Career Advice (Explicit)

• For ML researchers: Noetik is hiring people who enjoy tackling ML on unfamiliar data modalities where first-principles custom model building is required. A biology background is NOT required — willingness to learn the minimum biology to make progress is sufficient.
• For biotech founders: Do NOT start from “I’ll generate X dataset and do ML on it.” Start from the problem, then design the dataset that can solve it. Most datasets are not ML datasets.
• Technology awareness matters: Capabilities shift rapidly (Dan did 2 genes per week in 2016; today’s platforms do 20,000 genes at once). Design for where the technology is going, not where it is.
• Conviction and capital are prerequisites. Noetik spent ~1.5-2 years generating data before training the first working model, and ~4 years before the first major commercial validation. There’s no shortcut if you’re entering a data-scarce regime.
• Career pattern — “Recursion mafia”: Both Ron and Dan came out of Recursion Pharmaceuticals, which seeded a cohort of founders with conviction to build data-at-scale biotech-AI companies. Working at a platform-building pioneer gives leverage when starting something new.

Business / Deal Insights

• First foundation-model licensing deal in pharma: Noetik × GSK, $50M, announced January. Structure: upfront + milestones + annual license fee. GSK can use the models internally and fine-tune them on their own translational data.
• Pharma appetite for AI has whiplashed upward. A year or two ago biotech-AI was “dying”; now deals and attention are flowing. Driver: pharma wants cross-pipeline access to models, not bespoke one-project collaborations.
• Diagnostic optionality: Because inference only needs H&E, a successful drug trial also produces a deployable companion diagnostic — a potential secondary revenue stream.
• Moat = data + custom architectures + interpretability. Noetik claims ≥1 order of magnitude more paired H&E + spatial transcriptomic + protein data than anything public/academic, plus custom self-supervised architectures, plus the ability to explain which genes drive predicted response.
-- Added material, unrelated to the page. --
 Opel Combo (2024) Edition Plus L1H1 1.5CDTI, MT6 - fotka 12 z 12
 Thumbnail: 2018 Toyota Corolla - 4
Stocks / Investments Mentioned

• GSK (GlaxoSmithKline) — licensed Noetik’s Octo VC model in a $50M deal. Actionable angle: GSK is positioning aggressively on AI-for-biology; arguably one of the top pharma AI teams.
• Merck (Keytruda) — referenced as the archetype of a drug run through 1,000+ trials to find sub-indications. Illustrates the value unlock if Noetik-style models can short-circuit that process for future assets.
• Recursion Pharmaceuticals (implicit) — both founders are alumni; the “Recursion mafia” is producing multiple platform-oriented biotech-AI companies. Worth tracking as a talent-and-thesis indicator.
• Noetik itself — private; watch for further partnership announcements (Agenus collaboration already announced). Clinical-trial re-analysis work was hinted at as upcoming.

Most Actionable Takeaways

1. For operators / investors: Foundation-model licensing (not project-based collaborations) is emerging as the template deal structure for AI-in-pharma. Watch for similar deals at other platform companies.
2. For ML engineers: There’s high leverage in learning enough biology to work on multimodal tissue/spatial transcriptomic models — the field is data-constrained, not talent-saturated.
3. For founders in bio-AI: Build the dataset deliberately, budget 18+ months before the first trainable model, and pick a deployment modality (like H&E) that already exists at scale in clinical workflows.
4. For investors tracking oncology: Companies that can show “we can tell you which patients respond” materially de-risk Phase 2/3 trials — this is where the value accrues, not in molecule design.